扶助審査

2008年11月5日

経済的理由で弁護士に依頼できず,法的解決ができないということがあってはならない。そんな人のために日本司法支援センター,愛称「法テラス」が法務省の管轄のもとに独立行政法人として設置されている。以前は,財団法人法律扶助協会が行っていた業務である。岡山の事務所は,私の事務所と同じビルにある。そんなことで,「法テラス」を断られた人が私の事務所に相談に来られることもある。たいてい,できれば受けたくないような相談であることが多いが,窓口ですぐに断ってしまわないようにはしている。司法への救済を求めている人が何らかの合理的な紛争解決手段にたどり着けなくては,司法への信頼は失われると思うからだ。
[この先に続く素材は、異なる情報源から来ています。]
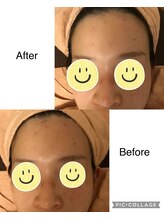 フェリース鍼灸院/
この「法テラス」では,援助できる要件があるか否かを審査して,基準に合致すれば,一定の基準に従って費用を立て替える。援助の要件は,まずは経済的に援助すべき要件があるかということと,その事件が勝訴の見込みがあるかどうかを判断することになる。今,この審査委員を担当している。申し込みのあった案件について援助の要件を審査するのである。きょうは4件の審査を担当した。私は,法律扶助協会時代を含めて,この審査委員を担当することになったのは初めてである。じつは,この委員をするととても勉強になる。申し込み書には,紛争の実情,勝訴の見込みなどが検討されていて,今後の方針等について記載されている。つまり,客観的に他の人の事件に対する判断の仕方を見ることができるのである。別の方法があるのではないかと考えられたり,また新たに教えられることもある。きょうは,すべて自己破産宣告の申立に関する事案であったが,やはり,他の弁護士の考え方を知ることができて,それはずいぶんと勉強になる。所長から依頼を受けて,半年間担当することになった。同じビルの中を移動するだけであり,自分のためにもなると思いながら,あまり人気のないこの職務を楽しみたいと思っている。